An investment trust that has a strong long-term track record of outperforming its benchmark has seen its discount widen from 15 to 20 per cent over the past month
Like other smaller company focused trusts, BlackRock Throgmorton (THRG) endured a tough spell in the first couple of trading days following the Brexit vote on 23 June. The trust swiftly fell into the red and by the start of July those who bought and sold at the worst possible time would have lost 15 per cent. Considering its portfolio comprises over 100 holdings, such heavy falls in such a short space of time are dramatic.

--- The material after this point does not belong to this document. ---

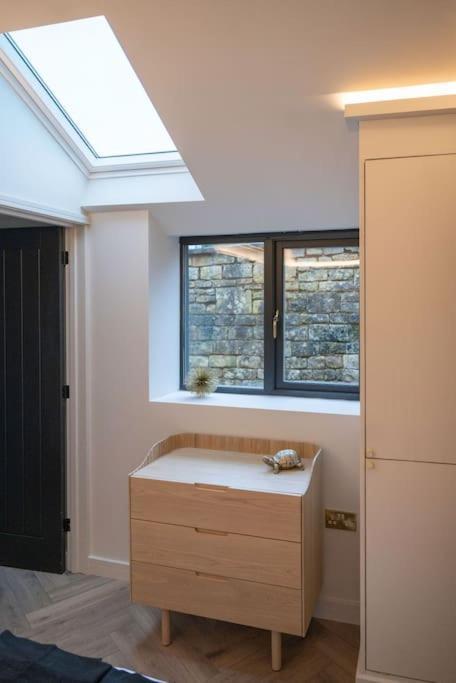 Chic Cotswold Tiny Home - Oddity House 블로클리 외부 사진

But when the dust settled and investor nerves eased, the trust managed to regain its poise and by the middle of August its share price had recovered. Those who held their nerve and stayed the course will have seen share price returns of 21.8 per cent on a one-year view, slightly lagging rivals: the average smaller company trust is up 23.3 per cent over the same timeframe, despite the EU referendum aftermath.
More often than not, though, THRG has outperformed its benchmark, the Numis SC Plus AIM Ex Investment Companies index. According to Winterflood, the investment trust broker, on a net asset value (NAV) basis the trust has beaten its benchmark in seven of the last 10 calendar years, with 2007, 2008 and 2016 being the three exceptions.
As things stand today the discount is at its widest level since December 2016. The 19.8 per cent discount on offer is wider than its 17.8 per cent one-year average.
Managed by Mike Prentis, THRG achieved Money Observer Rated Fund status in 2017.
Stockbroker Killik thinks THRG’s current discount has entered bargain territory.
In its daily note (3 April) the firm said: ‘THRG shares currently trade on a 20 per cent discount to NAV, representing a wider discount to the average sector peer, despite strong NAV performance over the last year. In the company’s last set of annual results, published in February, the board noted that they were carefully monitoring the level of discount of the company’s shares and set out the intention to consult and discuss with shareholders on a number of potential options to address it (including the quantum and timing of the dividend paid to shareholders).
‘The widening discount reflects some of the economic challenges potentially facing smaller UK businesses in the coming years but, on a discount basis, represents an entry point at a historically attractive level for long-term investors.’
One distinctive feature is the fact that the trust can invest up to 30 per cent of its assets in contracts for difference (CFDs). This part of the portfolio has been managed by Dan Whitestone since 2015. The CFDs are used to add to the trust's exposure to companies it already holds, or to short-sell shares in companies its managers expect to fall. They can therefore add value in falling and rising markets.